Poll helps locals better understand affordable housing issues, solutions
After polling communities all over the world about pressing public policy issues—healthcare in Italy, education in Northern Ireland, public works projects in China—Stanford Professor James Fishkin recently tackled a local topic: affordable housing in San Mateo County.
A scientific random sample of more than 200 county residents gathered March 15-16 at Cañada College in Redwood City to discuss affordable housing as part of a "Deliberative Poll," a process Fishkin developed for educating and consulting ordinary citizens about important policy issues.
Usually, Deliberative Polls show a "substantial and significant" change in knowledge and opinions among participants, said Fishkin, director of the Center for Deliberative Democracy at Stanford, who has conducted more than 50 such surveys over the last 15 years.
The results of the housing poll, conducted for the San Mateo Countywide Assembly on Housing Choices, were no different, Fishkin said.
In a Deliberative Poll, a random sample of people is polled on a specific topic. Then they are invited to a gathering to discuss the issue. Those who accept the invitation receive briefing materials, developed by an advisory group, that provide a balanced overview of the problem.

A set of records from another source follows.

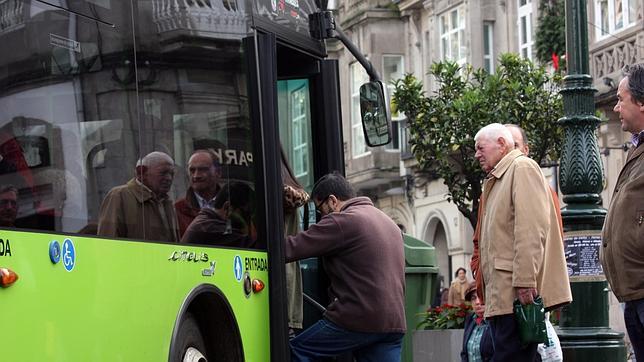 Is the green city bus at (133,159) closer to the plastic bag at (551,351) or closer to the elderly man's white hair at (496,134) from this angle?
the elderly man's white hair at (496,134)

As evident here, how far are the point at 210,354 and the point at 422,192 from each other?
33644mm

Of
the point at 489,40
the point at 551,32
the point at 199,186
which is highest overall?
the point at 489,40

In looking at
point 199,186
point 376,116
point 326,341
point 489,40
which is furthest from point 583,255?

During the gathering, participants take part in small group discussions led by trained moderators, as well as in question-and-answer sessions with experts representing competing points of view. At the end, they are polled again to see how their perspectives changed.
Fishkin said the people who gathered at the recent event in Redwood City represented a "microcosm of ordinary citizens" who did not know much about the county's housing problems.
"In the first poll [a telephone survey], only 38 percent of the participants thought there was a need for more housing in the county," he said. "Obviously, they were not seriously engaged in the issue. Everybody who is engaged in the issue says housing is a terrible problem. The less informed they are, the more reassured I am that we have a random sample of people in the room."
In the second poll, taken at the end of the assembly, 68 percent of the participants thought the county needed more housing—a gain of 30 percent.
Greg Greenway, executive director of Threshold 2008, the nonprofit group that sponsored the poll, described that result as "huge progress" for the organization.
"That's our starting point—that the county isn't building enough housing," he said. "Our goal is to facilitate public dialogue about the problem. We don't have the solution, but we're trying to bring more people to the table to talk about it and find solutions as a community."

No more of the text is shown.